Technical Analysis Summary of S&P 500
This is my standard intro to technical analysis – you can skip down to the table (or click “continue reading”) if you read this feature regularly:
Many people who trade in the markets believe that there are patterns that can generally lead to profitable trades. By analyzing stock charts that show the change in price along with the volume (how many shares were traded), “technical analysts” believe they have an edge and can time their trades profitably. There is significant controversy over this subject, however. Others say that, unless you have some information that no one else does, basically you can never beat “the market” because everything is already baked into the current price of a stock.
Nevertheless, supporters of “technical analysis” are everywhere, and the tools for their trade can be found throughout bookstores and the Internet. I like to follow some websites that do some of the work automatically and provide a snapshot opinion of whether a particular stock is considered “bullish” (going to go up in price), “bearish” (going to go down in price) or “neutral” (stay about the same price).
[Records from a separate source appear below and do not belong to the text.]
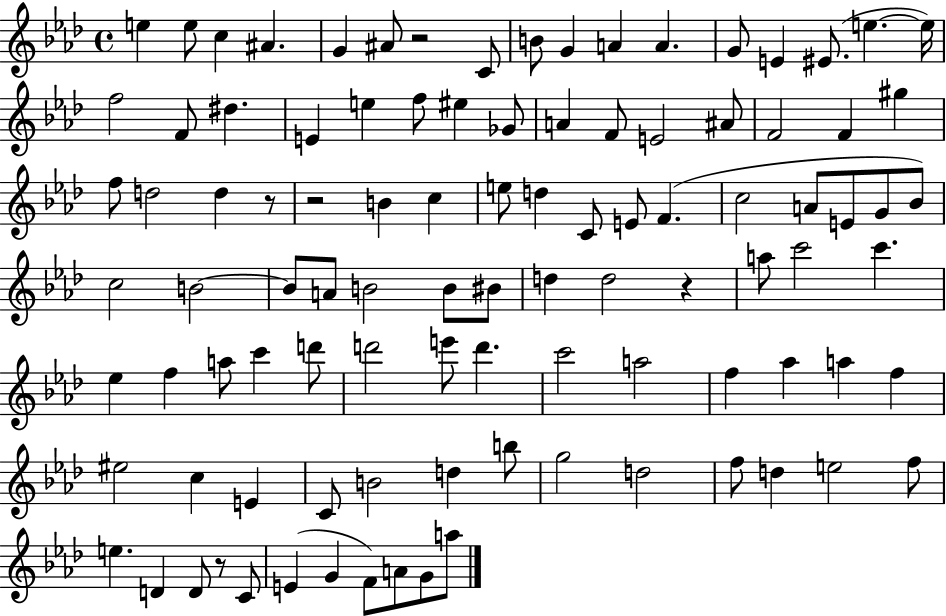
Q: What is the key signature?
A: AES major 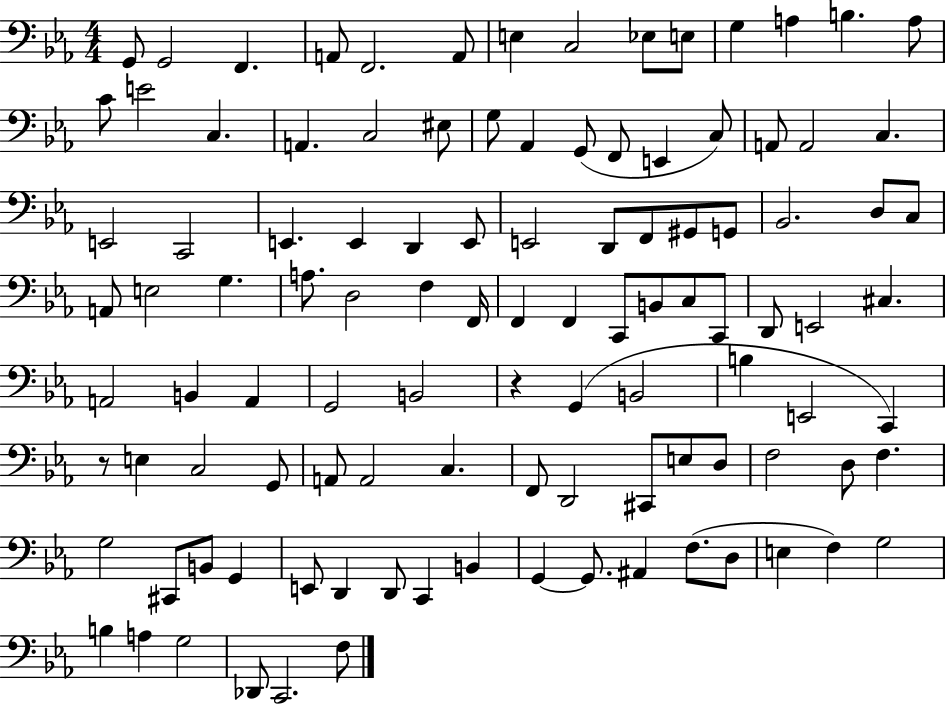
X:1
T:Untitled
M:4/4
L:1/4
K:Eb
G,,/2 G,,2 F,, A,,/2 F,,2 A,,/2 E, C,2 _E,/2 E,/2 G, A, B, A,/2 C/2 E2 C, A,, C,2 ^E,/2 G,/2 _A,, G,,/2 F,,/2 E,, C,/2 A,,/2 A,,2 C, E,,2 C,,2 E,, E,, D,, E,,/2 E,,2 D,,/2 F,,/2 ^G,,/2 G,,/2 _B,,2 D,/2 C,/2 A,,/2 E,2 G, A,/2 D,2 F, F,,/4 F,, F,, C,,/2 B,,/2 C,/2 C,,/2 D,,/2 E,,2 ^C, A,,2 B,, A,, G,,2 B,,2 z G,, B,,2 B, E,,2 C,, z/2 E, C,2 G,,/2 A,,/2 A,,2 C, F,,/2 D,,2 ^C,,/2 E,/2 D,/2 F,2 D,/2 F, G,2 ^C,,/2 B,,/2 G,, E,,/2 D,, D,,/2 C,, B,, G,, G,,/2 ^A,, F,/2 D,/2 E, F, G,2 B, A, G,2 _D,,/2 C,,2 F,/2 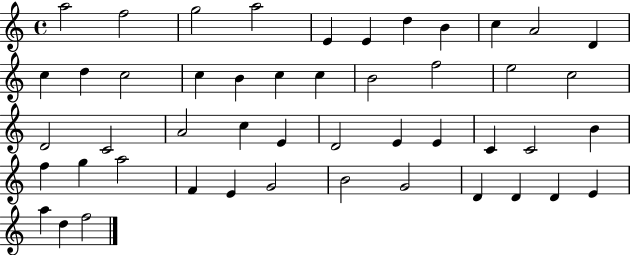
{
  \clef treble
  \time 4/4
  \defaultTimeSignature
  \key c \major
  a''2 f''2 | g''2 a''2 | e'4 e'4 d''4 b'4 | c''4 a'2 d'4 | \break c''4 d''4 c''2 | c''4 b'4 c''4 c''4 | b'2 f''2 | e''2 c''2 | \break d'2 c'2 | a'2 c''4 e'4 | d'2 e'4 e'4 | c'4 c'2 b'4 | \break f''4 g''4 a''2 | f'4 e'4 g'2 | b'2 g'2 | d'4 d'4 d'4 e'4 | \break a''4 d''4 f''2 | \bar "|."
}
For simplicity, I’d like to start by showing you a snapshot of what several technical analysis websites suggest about the exchange traded fund (ETF) with the ticker symbol of SPY. This fund is supposed to go up and down the same as the S&P 500 index does. And many people consider the S&P 500 index (a measure of the price of the 500 largest companies that trade in the U.S.) to be an accurate gauge of where “the market” stands.
For each of the sources below, where I have a choice, I will use a measure that attempts to predict the future direction of SPY or S&P 500 in the next 3 months.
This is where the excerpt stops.